No one, it seemed, was promoted. Periodically one of us was fired, and periodically one of us quit, and the agency quickly replaced the departed one with still another young hopeful. I decided that Tom Stanton, S-sub-two, was the most hilarious practical joker since Guy Fawkes. I was doomed to a lifetime in the mailroom, a lifetime of $40-a-week minus deductions.

Then came August. And somewhere, I suppose, someone died, because a man named John Fehringer came up to me, tapped me on the shoulder, and said See you a min, keed.

I translated this mentally — I had learned, in my year with MGSR&S branch of the post office, how to translate Newspeak into English automatically. I went off with Fehringer, and he gave me a filtered cigarette and a filtered smile, in that order. I accepted both.

“I hear good things about you,” he said. “The word from up high has it that you should be given room to grow. Like to try a stint of copywriting, Harv Boy?”

“Well,” I said, “sure.”

He took me to another huge room, into which I had occasionally delivered pieces of copy and mysterious manila envelopes. He showed me a desk and told me that it was going to be my desk. It was old and wobbly, the kind they sell for ten dollars, but, by God, it was all mine. There were drawers in it, and I could fill those drawers with my things. There was a top on that desk, and when no one was looking I could put my feet on it. It was my desk, my first desk, and I shelved it in my mind next to my first love affair.

Fehringer brought me some artwork for a magazine ad, with the key copy penciled in and with catchwords scrawled on a batch of file cards. “This is the ad,” he said. “Like?”

The artwork showed a half-naked girl drawing the string on a sixty-pound bow. It was an advertisement for Bull’s-Eye Spaghetti.

“Like,” I said.

“In here,” he said, pointing at the white space at the bottom of the layout, “is where we tell them that if they buy this cruddy spaghetti they can grow boobs like the broad in the picture. Or whatever we’re telling ’em this week. It’s all on the file cards. You turn it into English and put it in there.”

“I see,” I said.

“It’s a pipe,” he told me. “Easy-do does it, Harv Boy.

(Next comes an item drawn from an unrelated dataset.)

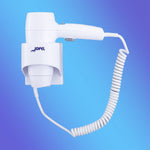 Hairdryer Jofel White 1200 W Wall Bracket product packaging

If it sails smoothly you can keep this desk.”

“And if it doesn’t?”

“Then you’re fired,” he said sweetly. “Have fun, keed. Just take your time and hurry. Run it up the flagpole and see who salutes.”

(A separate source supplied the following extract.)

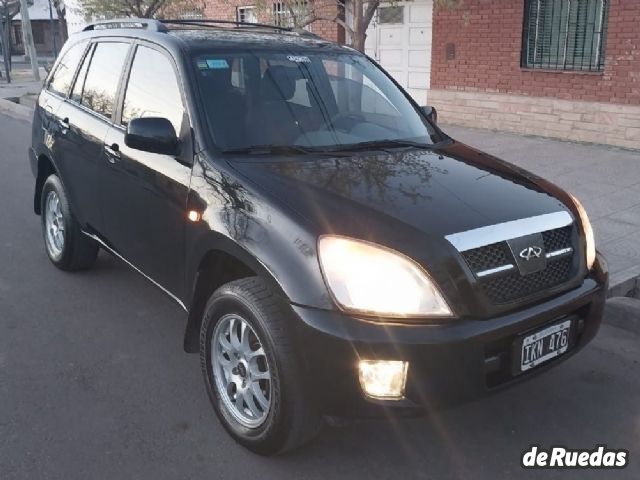 Chery Tiggo Usado en Mendoza, deRuedas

He left. I sat in my desk for a minute, getting the feel of it, and then I started to turn Bull’s-Eye Spaghetti into English. It was a pipe, and easy-do did it. I got a head-swelling collection of compliments from the goof I turned the gunk over to, and I celebrated that night by picking up a Bohemian girl in Greenwich Village.

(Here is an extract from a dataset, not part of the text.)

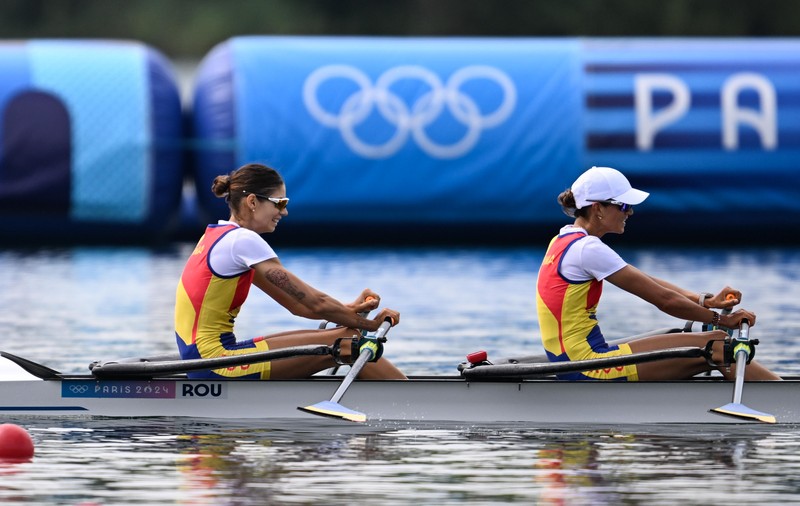 Programul și rezultatele sportivilor români la Jocurile Olimpice - azi, 31 iulie. David Popovici, bronz în proba de 100 metri liber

Her name was Saundra. She had long black hair and purple eye shadow, and she was not quite as bad as she sounds. Or maybe she was. She seemed all right at the time. I found her over a cup of cappuccino in something called Le Cul de Sac, where she was telling a group of bearded young men just how horrible Madison Avenue was. It was amusing, because I was certain she got nosebleeds every time she went north of Fourteenth Street. But I kept a straight face.